The experiment lasted two weeks. In total: 73 million network sessions, of which 57,465 were marked as attacks by Suricata.

Why These 10 Features

The complete vector session_analyzer contains 118 features. For the ML model, we use only 10, selected based on the results of the Institute for System Programming of the Russian Academy of Sciences research on feature significance and experimentally confirmed:

Feature

Description

Average Packet Size

Average packet size in the session

Flow Bytes/s

Data transfer rate (bytes/s)

Max Packet Length

Maximum packet length

Fwd Packet Length Mean

Average packet length from client to server

Fwd IAT Min

Minimum inter-arrival time (client → server)

Total Length of Fwd Packets

Total data volume from the client

Fwd IAT Std

Standard deviation of inter-arrival times

Flow IAT Mean

Average inter-arrival time (both directions)

Fwd Packet Length Max

Maximum packet length from client

Fwd Header Length

Total length of TCP headers from client

These features describe behavioral patterns of the session, not its content. This is fundamental: the method works independently of traffic encryption.

An important technical detail: all averages and variances are calculated online using Welford's algorithm - without accumulating arrays of packet lengths.

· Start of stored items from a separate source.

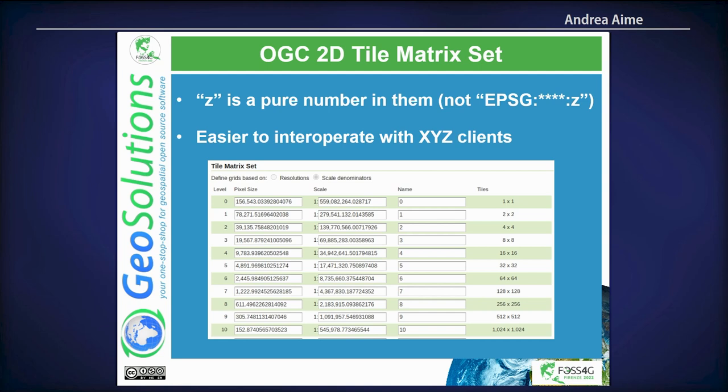In the OGC 2D Tile Matrix Set, the Z parameter is a pure number — an improvement over older tile matrix sets. In classic GeoWebCache, the tile matrix set and tile matrix were identified by a long string, and many XYZ clients do not like a complex string as the Z; they only want a number. So in these new tile matrix set definitions, Z is always a number, which helps interoperability with XYZ clients — instead of something like EPSG:3857:0, you simply get zero.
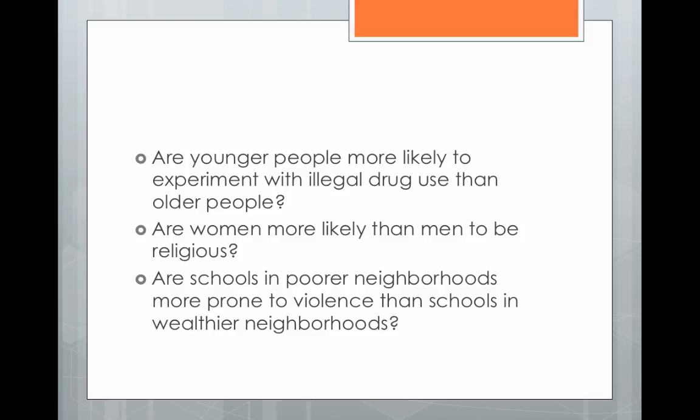In our third example — schools in poorer neighborhoods versus schools in wealthier neighborhoods — we're looking at the income of the neighborhood and the rate of violence in the schools. We're saying that the wealth of the neighborhood, whether it's poor or wealthy, has an effect on violence in the school. So the wealth of the neighborhood is the independent variable, and the level of violence is the dependent variable.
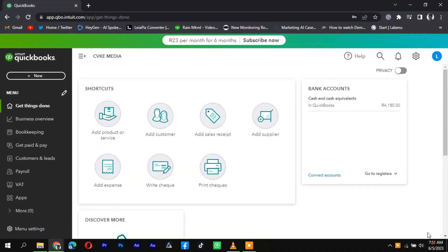Welcome to today's QuickBooks tutorial on finding a deleted invoice. To retrieve a deleted invoice, follow these steps.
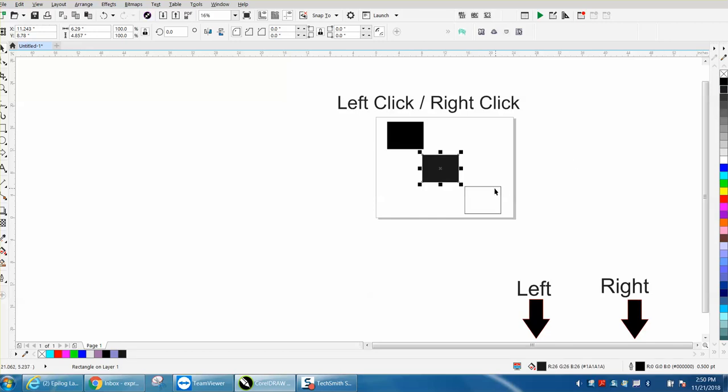If you select it and you right-click, it changes the color of the outline.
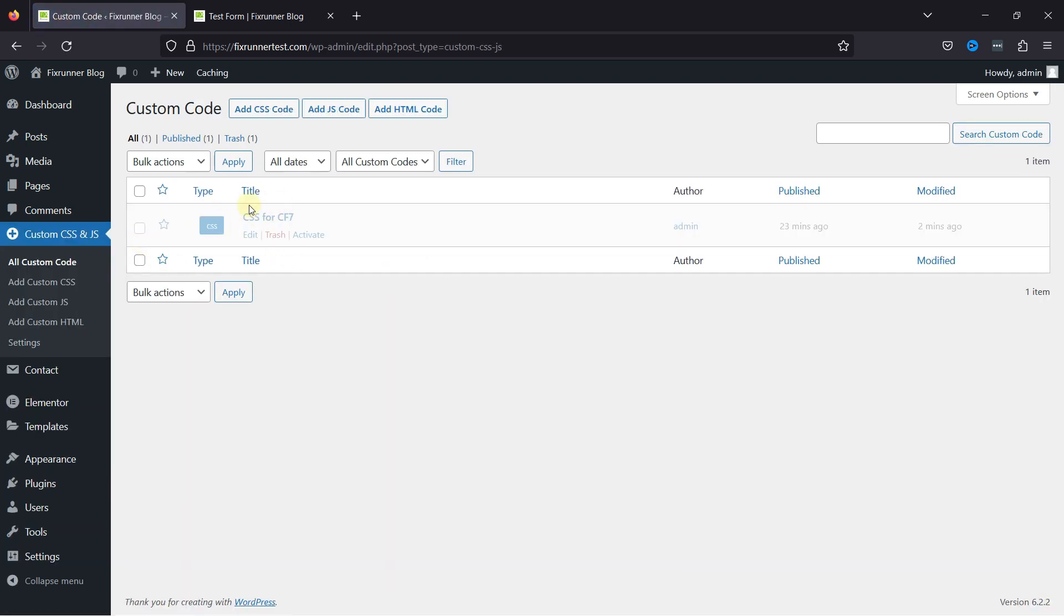You can see an existing code snippet here which already contains some CSS related to form background, border, and shadow.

This is critical for performance on high-speed networks:

# Welford's Algorithm: online computation of the average without storing an array
def update_welford(count, mean, new_value):
count += 1
delta = new_value - mean
mean += delta / count
return count, mean

# Variance is computed similarly through M2
def update_welford_variance(count, mean, M2, new_value):
count += 1
delta = new_value - mean
mean += delta / count
delta2 = new_value - mean
M2 += delta * delta2
variance = M2 / (count - 1) if count > 1 else 0
return count, mean, M2, variance

Instead of storing all packet lengths - three scalar variables per feature. For a network with hundreds of thousands of parallel sessions, the difference in memory is significant.

From Random Forest to CatBoost: A Story of Iterations

The first iteration of the experiment - Random Forest. The results on the training set looked good (F1 up to 0.99). But on the test set (traffic from another time period), the picture was different:

Model: Random Forest, 100% training data
Test: 73,518,285 sessions (73,460,820 clean, 57,465 attacks)

TP (attacks detected): 16,110
FN (attacks missed): 41,355 <- 72% of attacks missed
FP (false positives): 8,767
TN (true clean): 73,452,053

Precision: 0.647 Recall: 0.280 F1: 0.391 FPR: 0.012%

The model detected only 28% of attacks - this result was unacceptable. The analysis identified three reasons.

Reason 1: "Dirty" labeling. Some of Suricata's alerts are associated with events whose feature vectors are indistinguishable from clean traffic. For example, detection by IP address or SNI (without substantive statistical features of the session). The model was trained on labeled data where "attack" and "clean traffic" had identical behavioral profiles.

Reason 2: Mismatch of observation points. Suricata and session_analyzer saw traffic from different points in the network - before the gateway and after NAT translation. One Suricata event could correspond to two connections in the session_analyzer. Timestamps diverged by up to 100 ms.

Reason 3: Traffic drift. The training and testing data were from different time periods. The nature of the traffic changed along with the load, new IPS rules (which are updated every 2 hours in Ideco NGFW), and changes in user activity.

After switching to CatBoost (gradient boosting over decision trees) and iterative data cleaning, the results changed dramatically.

Finding adversarial examples: the key to quality

The main improvement was the procedure for identifying "bad" sids - those categories of attacks whose feature vectors are indistinguishable from clean traffic in our feature space.

In a 10-dimensional normalized feature space, the maximum geometric distance between two vectors is: dist_max = √10 ≈ 3.162. It was experimentally established that vectors are considered "close" when dist < 0.0003.

All attack vectors were compared with the first 2 million clean vectors. Result: out of 57,465 initial attacks, after filtering those close to clean vectors, there were 16,798 real attacks left. 40,667 events were reclassified as "clean traffic" - they are identified solely based on address features not present in the 10-dimensional behavioral vector.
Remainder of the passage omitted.